Итог всего этого заключается в том, что «экономика» все больше выходит из-под политического контроля; на самом деле основной смысл, вкладываемый сегодня в понятие «экономика», определяется тем, что оно призвано обозначить «неполитическую сферу». От политики, как и в старые добрые времена, остается лишь сфера деятельности государства, но при этом ему разрешается касаться всего, что связано с экономической жизнью, лишь на свой и своих граждан страх и риск: любые движения в этом направлении были бы встречены быстрыми и яростными санкциями со стороны банков, бирж и финансовых рынков. Тем самым экономическое бессилие государства было бы, к ужасу его лидеров, ярко продемонстрировано в очередной раз. По подсчетам Рене Пассе [11], чисто спекулятивные операции на валютных рынках достигают сегодня объема в 1,3 трлн. долл. в день, что в 50 раз превышает мировой торговый оборот и почти соответствует тем 1,5 трлн. долл., которыми оцениваются резервы всех «национальных банков» мира. «Таким образом, – комментирует Пассе, – ни одно государство не может сопротивляться спекулятивному давлению ‘рынков’ более нескольких дней». Немногочисленными задачами, которые отдаются на откуп государству и решения которых от него ожидают, выступают обеспечение сбалансированности бюджета, поддержание порядка на местном уровне и регулирование предпринимательства с целью защиты населения от особенно пагубных последствий рыночной анархии.

Жан-Поль Фитусси писал недавно по этому поводу:

«Однако такая программа не может быть выполнена, если только экономика тем или иным способом не выведена из-под контроля политики. Министерство финансов, разумеется, остается необходимым злом, но было бы хорошо обойтись без министерства экономического развития (т.е. управления экономикой). Иными словами, правительство должно быть лишено ответственности за макроэкономическую политику» [12].

Для обеспечения свободы маневра и безграничного расширения возможностей преследовать свои цели, мировая финансовая, торговая и информационная системы заинтересованы в политической фрагментации, mor­cellement, причем в планетарном масштабе.

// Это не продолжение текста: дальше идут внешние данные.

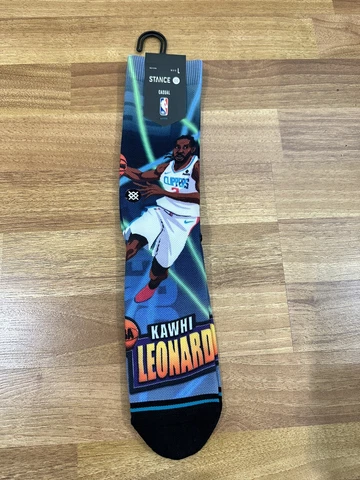 Stance Sz L (9-13) NBA LA Clippers Kawhi Leonard Fast Break Crew Socks Men's Cover
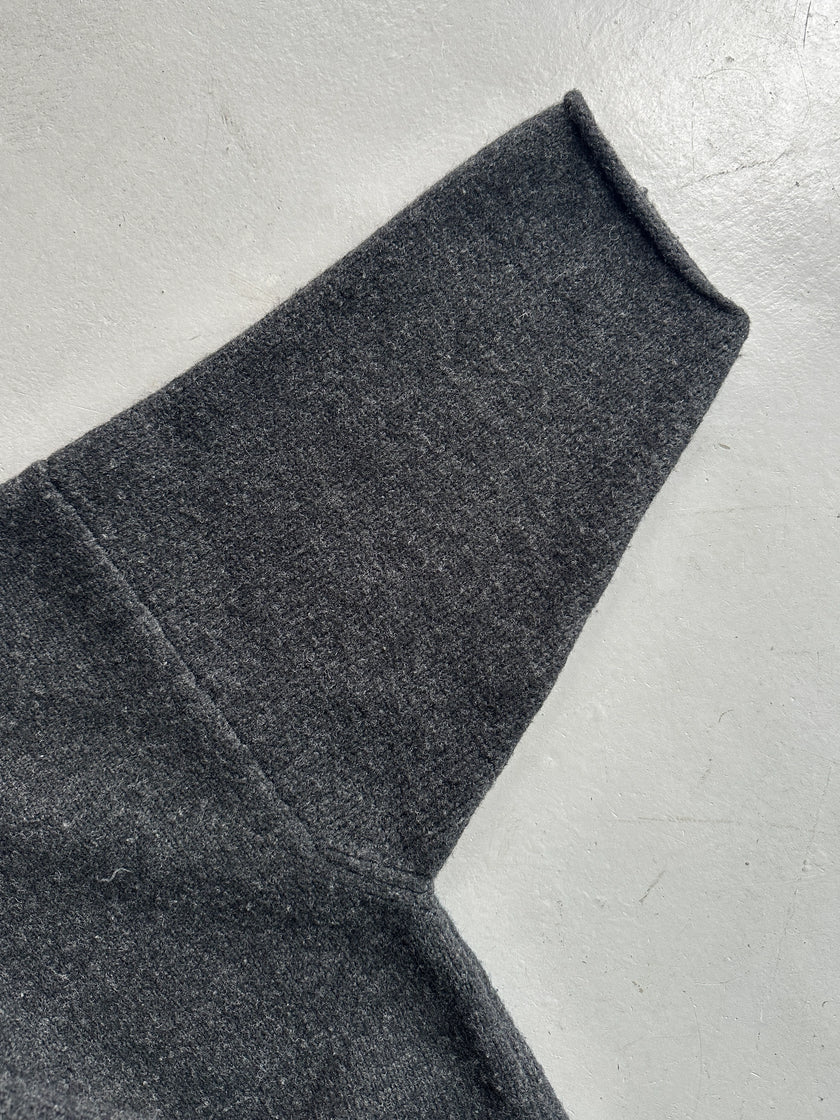 ESKANDAR - 1990s OVERSIZED ASYMMETRICAL WOOL COAT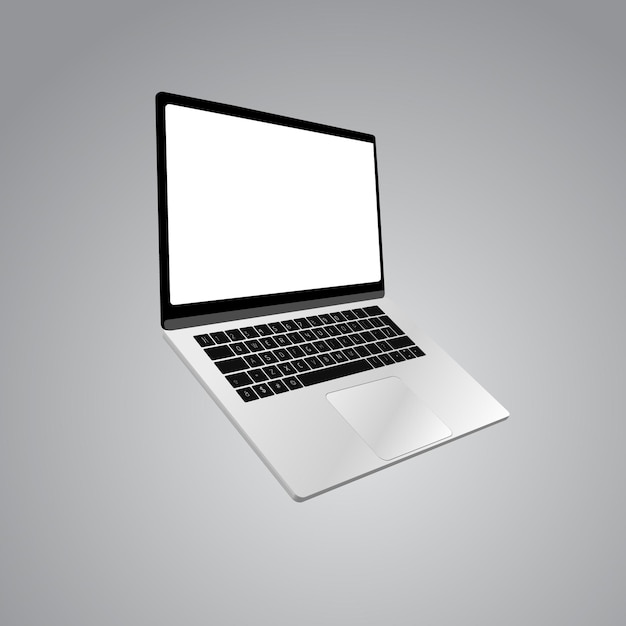 Laptop mockup isolated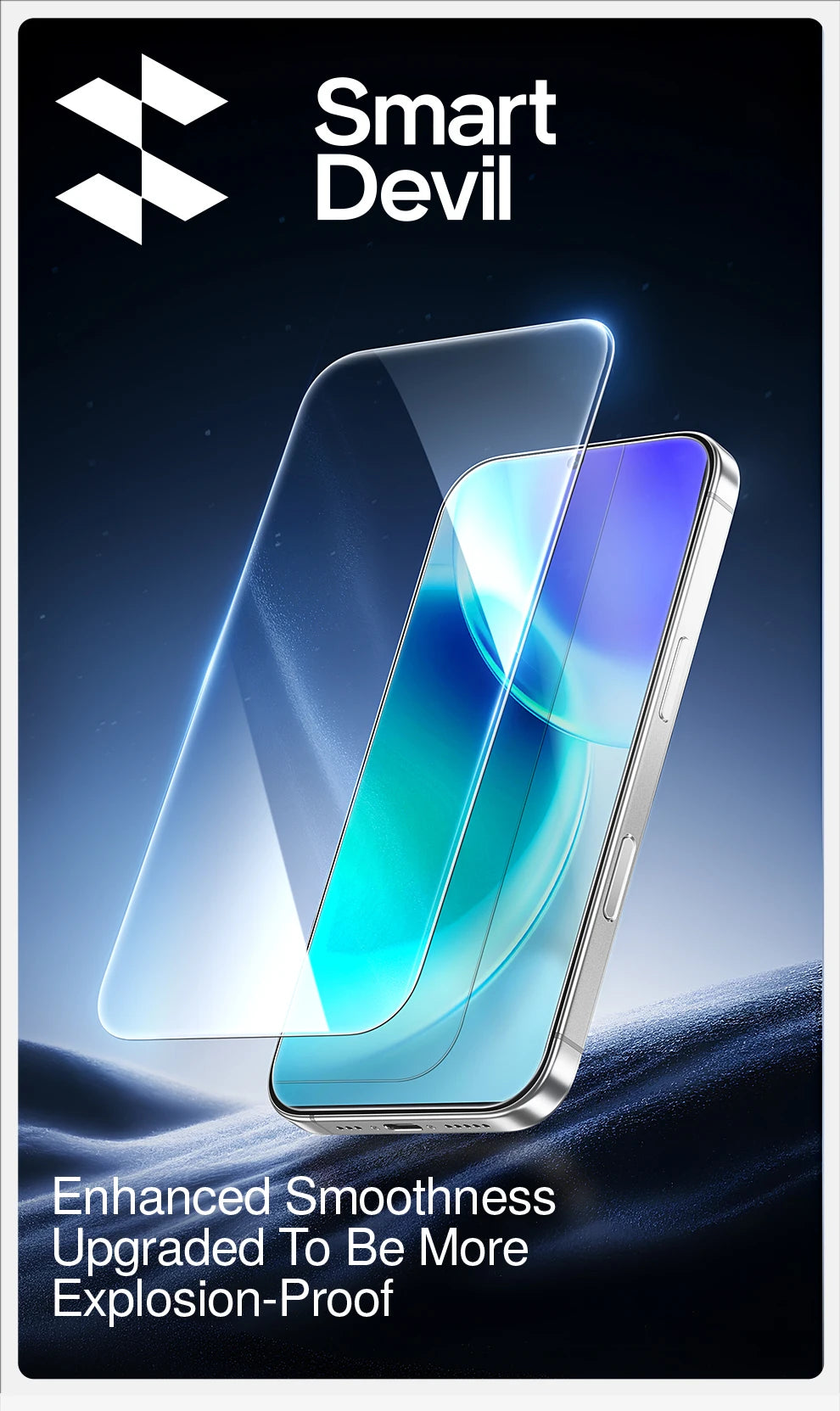 SmartDevil 2PCS Screen Protector for Vivo X200 Pro Mini X300 HD Anti-blue Light Tempered Glass Non-full Cover Anti-fingerprint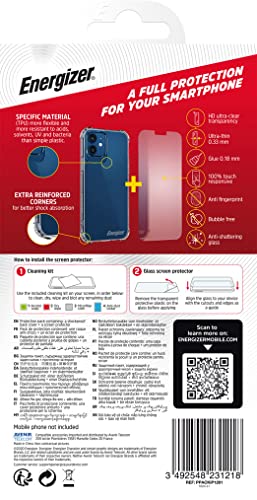 Energizer - iPhone 12 & 12 Pro Transparent Shockproof Case + 1 Protective Screen - Protection up to 1.2 m - Image 4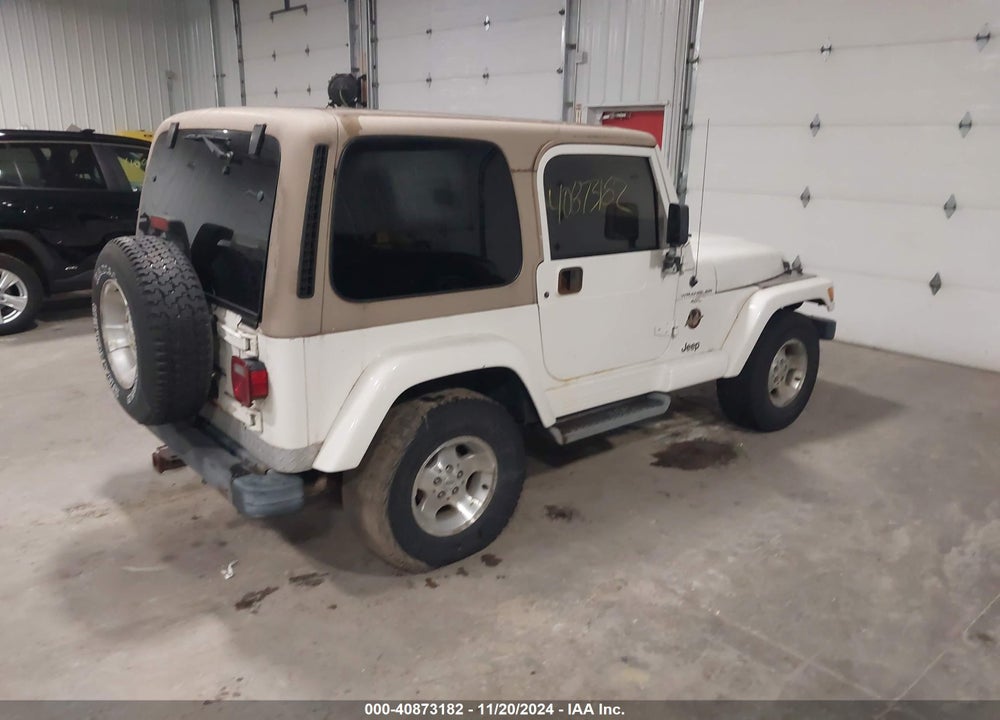 2001 JEEP WRANGLER SAHARA VIN: 1J4FA59S51P300855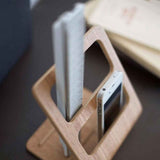 Table Storage Rack Simple Living Room Multi Functional Remote Control Rack Curved Wooden Support In Australia - Darrahopens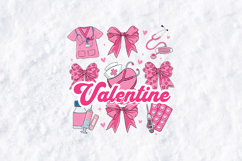 Nurse Valentine Vibes PNG - Pink Medical Coquette Bows Product Image 3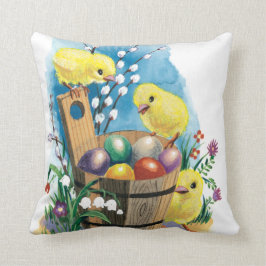 Almohada de los polluelos de Pascua del vintage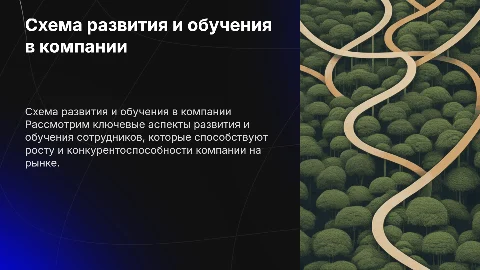 схема развития и обучения в компании
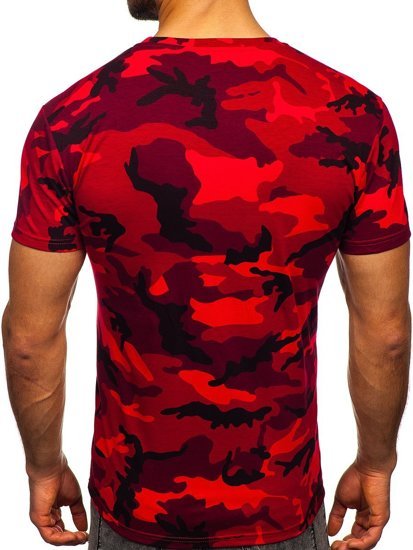 Men's Camo T-shirt Red Bolf S807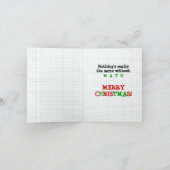 Mathe-Weihnachtskarte Feiertagskarte (Innenseite)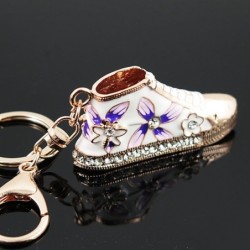 Crystal shoe / flowers - keychainKeyrings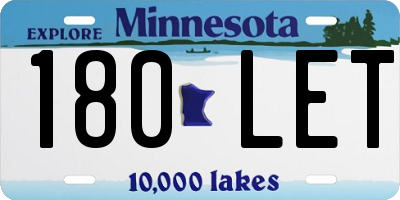 MN license plate 180LET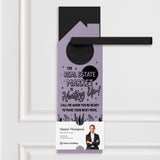 The Real Estate Market Is Heating Up! Door Hangers Season Door Hanger Market Dwellings LIGHT PURPLE 10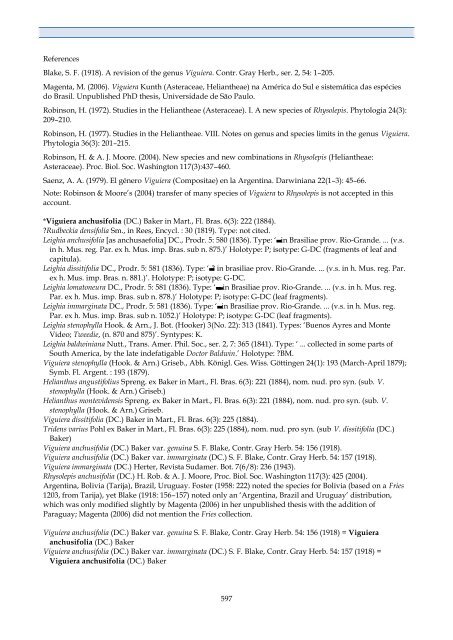 Checklist of Bolivian Compositae - Royal Botanic Gardens, Kew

Можно сказать, что они нуждаются в «слабых государствах», т.е. в таких государствах, которые, несмотря на их слабость, все же остаются государствами. Поэтому, осознанно или непроизвольно, межгосударственные, надлокальные институты, образовавшиеся и действующие с согласия мирового капитала, оказывают координированное давление на своих членов или зависимые от них государства, заставляя их систематически разрушать все, что может помешать нестесненному движению капитала, замедлить его или ограничить его рыночную свободу. Широко открытые двери и отказ от всяких помыслов о независимой экономической политике становятся обязательными и смиренно соблюдаемыми условиями получения права на финансовую помощь от международных банков и валютных фондов. Слабые государства – это как раз то, что Новый мировой порядок, слишком часто подозрительно похожий на мировой беспорядок, стремится поддерживать и умножать. Подобные квази-государства могут быть легко низведены до вполне полезной роли местных полицейских участков, обеспечивающих минимально необходимый для ведения бизнеса порядок, но не способных ограничить свободу международных компаний.

Отделение экономики от политики, освобождение первой от регулирующего вмешательства второй, приводящее к утрате политикой роли эффективного центра силы, означает гораздо большее, чем простой сдвиг в распределении власти в обществе. Как указывает Клаус Оффе [13], само существование политических институтов как таковых – как воплощений «способности принимать коллективные решения и их выполнять» – становится проблематичным. «Вместо того, чтобы спрашивать себя, что следует делать, мы можем с большим успехом заняться поисками того, кто способен делать все, что необходимо». С тех пор как «границы стали прозрачными» (правда, лишь для избранных), «суверенитеты оказались номинальными, власть анонимной, а ее законное место – пустым». Мы еще не достигли конечной точки, но процесс идет, и его, кажется, не остановить. «Главный ориентир может быть описан как отпускание тормозов: дерегулирование, либерализация, возрасающая гибкость производства и облегчение сделок на финансовых рынках, рынках недвижимости и труда, облегчение налогового бремени и так далее». Чем более последовательно те или иные структуры придерживаются этого ориентира, тем меньше остается у них власти и ресурсов, позволяющих сменить ориентир, даже если они захотят или окажется вынуждены это сделать.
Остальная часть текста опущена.